Desde Março que Salvador de Mello é o presidente do Health Cluster Portugal, uma associação privada sem fins lucrativos que junta diversos actores do sector da saúde. No dia em que se realiza a conferência anual da associação, sob o mote “Construir Consensos para 2020 e mais além”, o também presidente do grupo privado José de Mello Saúde defende que as exportações e os ensaios clínicos são as duas áreas de aposta para captar investimentos, tornando a saúde uma nova Autoeuropa para o país.
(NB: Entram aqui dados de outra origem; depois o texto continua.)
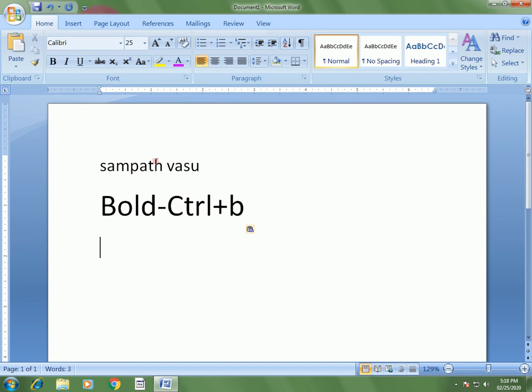If you want to make this Vasu text bold, simply select it, then press Ctrl+B. To remove it, again select it and press Ctrl+B.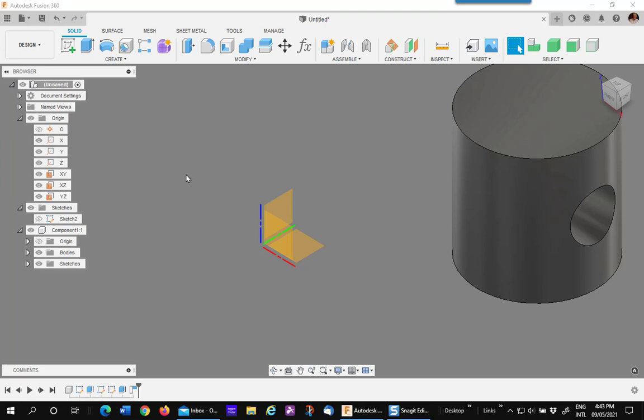From time to time on the Fusion 360 forums, I read someone asking the question, how to reverse the direction of a revolve joint? So let's just go through the process that I've come up with.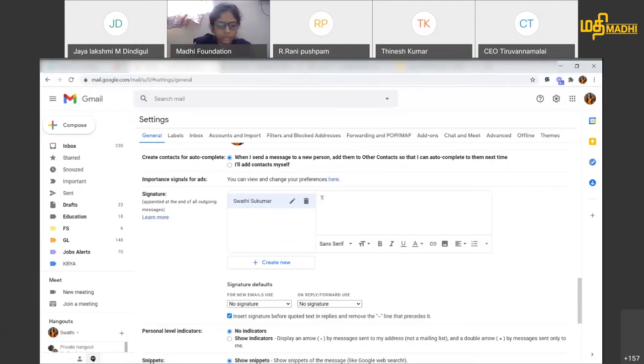Now I am going to show my signature. I want to always give a message at the end — 'Thanks and best regards.'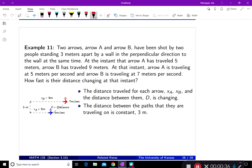At that instant, arrow A is traveling at five meters per second and arrow B is traveling at seven meters per second. How fast is their distance changing at that instant? The information we have is the distance traveled by each arrow — let's say XA and XB — and the distance between them, D, is changing.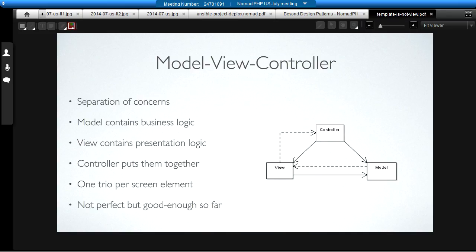Because this originated in desktop applications, it turns out that in the formal description of the pattern, there's actually one trio of Model View Controller for each screen element. So, if you've got a username input field, that input field has a controller, a model, and a view associated with it. If there's an email field, that also has a Model View Controller associated with it.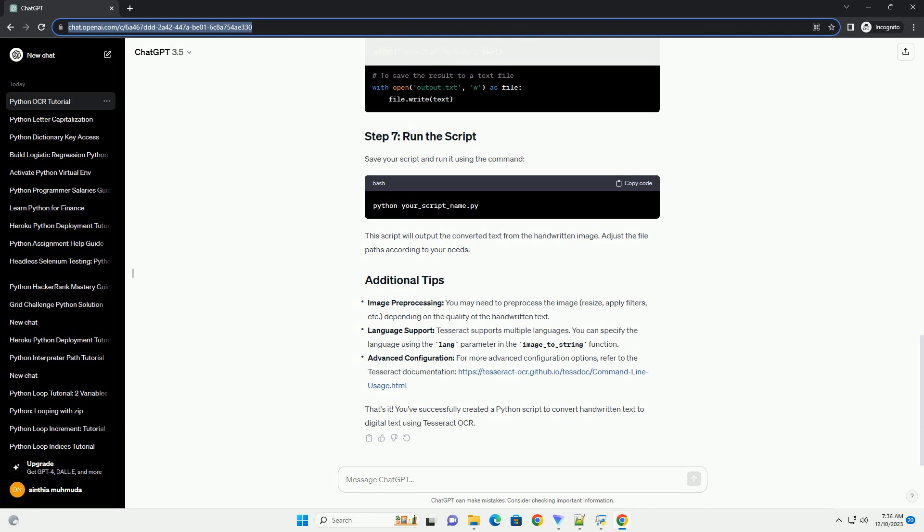Image Pre-Processing: You may need to pre-process the image, resize, apply filters, etc., depending on the quality of the handwritten text.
Quanto ao turismo médico, os mercados-alvo são a Escandinávia, os Emirados Árabes Unidos e a Rússia.


O tema deste ano da conferência anual é “Construir Consensos para 2020 e mais além”. Que consensos são precisos construir?
O primeiro consenso, e compromisso, que é preciso atingir é reconhecer o valor económico e social da Saúde. É um sector que tem tido um desempenho extraordinário, que hoje representa cerca de 5% do Produto Interno Bruto (PIB) - tem um valor acrescentado bruto superior a 8700 milhões de euros -, que emprega pessoas muito qualificadas, que contribui significativamente para as exportações com mais de 1400 milhões de euros. Fica bem patente o valor económico que a Saúde tem. Parece-me que um dos consensos a ser atingido é que é fundamental uma tutela económica do sector da Saúde e não só uma tutela sectorial.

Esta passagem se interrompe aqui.